Decentralized Finance (DeFi) apps have rapidly proliferated with the development of blockchain and smart contracts, whose maximum total value locked (TVL) has exceeded 100 billion dollars in the past few years. These apps allow users to interact and perform complicated financial activities. However, the vulnerabilities hiding in the smart contracts of DeFi apps have resulted in numerous security incidents, with most of them leading to funds (tokens) leaking and resulting in severe financial loss. In this paper, we summarize Token Leaking vulnerability of DeFi apps, which enable someone to abnormally withdraw funds that far exceed their deposits. Due to the massive amount of funds in DeFi apps, it is crucial to protect DeFi apps from Token Leaking vulnerabilities. Unfortunately, existing tools have limitations in addressing this vulnerability.

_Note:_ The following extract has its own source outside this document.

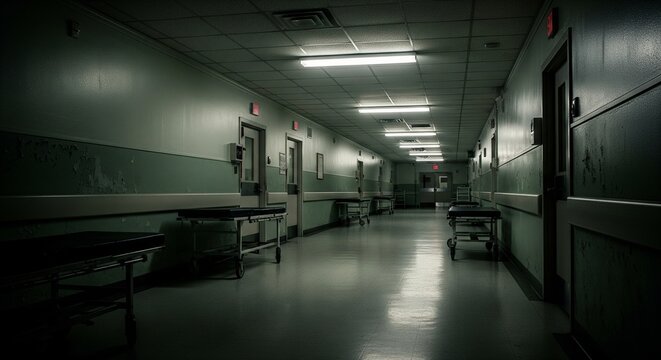 Empty dark hospital hallway with green walls and dim lights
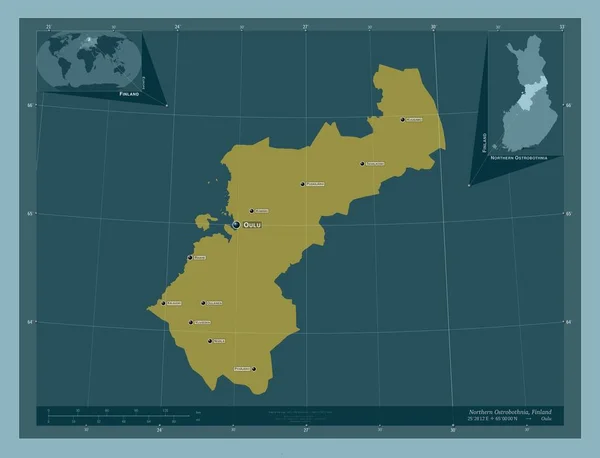 Kuzey Ostrobothnia Finlandiya Bölgesi Katı Renk Şekli Bölgenin Büyük Şehirlerinin — Stok fotoğraf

To address this issue, we propose DeFiWarder, a tool that traces on-chain transactions and protects DeFi apps from Token Leaking vulnerabilities. Specifically, DeFiWarder first records the execution logs (traces) of smart contracts. It then accurately recovers token transfers within transactions to catch the funds flow between users and DeFi apps, as well as the relations between users based on role mining. Finally, DeFiWarder utilizes anomaly detection to reveal Token Leaking vulnerabilities and related attack behaviors. We conducted experiments to demonstrate the effectiveness and efficiency of DeFiWarder. Specifically, DeFiWarder successfully revealed 25 Token Leaking vulnerabilities from 30 Defi apps. Moreover, its efficiency supports real-time detection of token leaking within on-chain transactions. In addition, we summarize five major reasons for Token Leaking vulnerability to assist DeFi apps in protecting their funds.